• **Information shown**
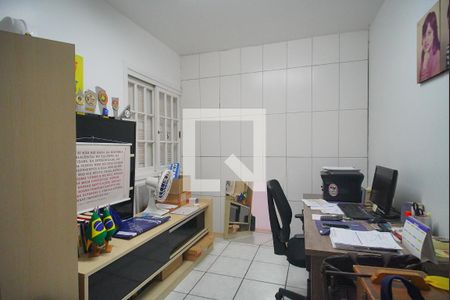 Casa à venda com 203m², 3 quartos e 2 vagas Casa à venda com 203m², 3 quartos e 2 vagasEscritório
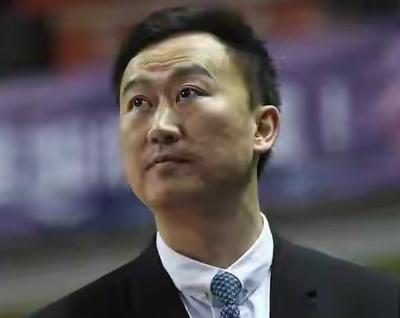 说实话，我并不是很喜欢青岛男篮，他们的打法实在太简单粗暴，没有多少观赏价值。要
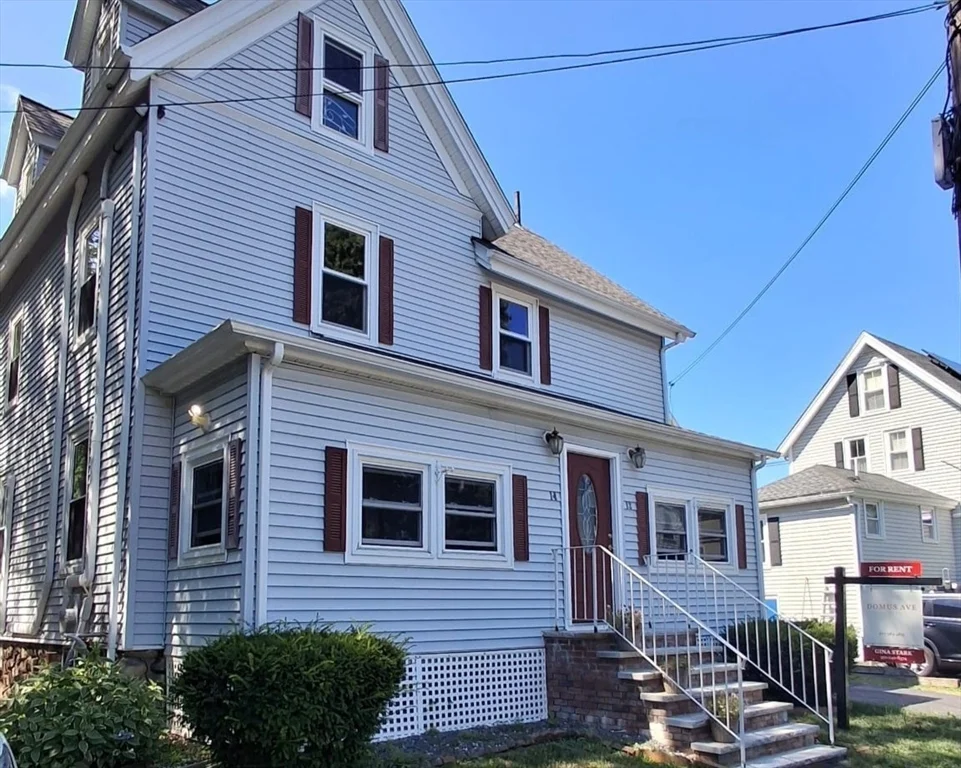 3 bed, 1 bath apartment for rent at 12-14 Willow St Unit 12, Concord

• **What you should do**
When you copy the listing above, reproduce every line exactly and skip the images.

• **Result of the task**
 Casa à venda com 203m², 3 quartos e 2 vagas Casa à venda com 203m², 3 quartos e 2 vagasEscritório
 说实话，我并不是很喜欢青岛男篮，他们的打法实在太简单粗暴，没有多少观赏价值。要
 3 bed, 1 bath apartment for rent at 12-14 Willow St Unit 12, Concord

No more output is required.